August 10, 2010

Construction Specifications Canada conference

VIDEO: Owners must lead charge toward BIM adoption

The greatest challenge in getting the architecture, engineering and construction industries to embrace building information modeling is convincing individual players they’d be better off working collaboratively, says the chair of the Canada BIM Council.

“BIM changes the way that the whole AEC industry does business,” Paul Loreto told a seminar at the Construction Specifications Canada conference in Saskatoon recently.

“You’re baking a cake together. And if you’re not doing it together, forget it. You might as well be The Beatles doing the White Album, individualistically ... and you know where that ended up: dead, gone – last album.”

BIM is a collaborative effort and it represents a complete process change, said Loreto, president of London, Ont.-based paul f. loreto architect.

“The problem with the industry today is that there are individual silos that have been there for a thousand years, that now have to come down to the roundtable.

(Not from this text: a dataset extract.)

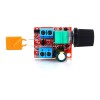 5 A PWM Driver Module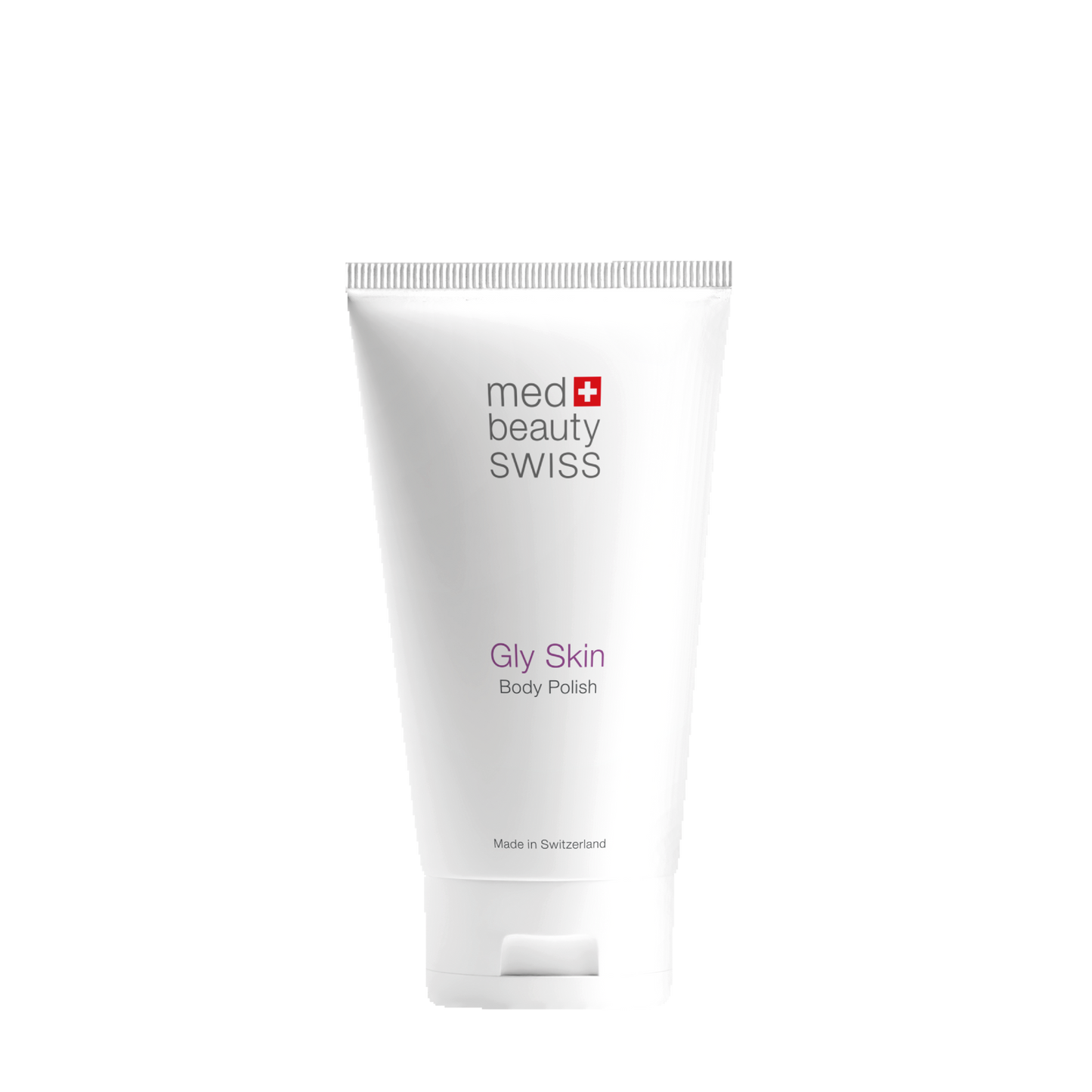 Body Polish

That’s the biggest challenge in the industry today.”

Part of the difficulty is that partners aren’t typically the ones who decide to go forward with BIM, Loreto noted – it’s usually up to mid-level computer-aided design (CAD) managers.

“Unless the owner is the driving force behind the process change, it’s not going to go anywhere,” he said “That’s a guarantee.”

Loreto went on to urge attendees to push their respective construction associations to offer BIM training.

“If your construction associations don’t have it, get them to provide BIM training,” he said.

“It’s all nice to sit in an architect or engineer’s office and develop BIM, but if it’s not understood down the line, what good is it?”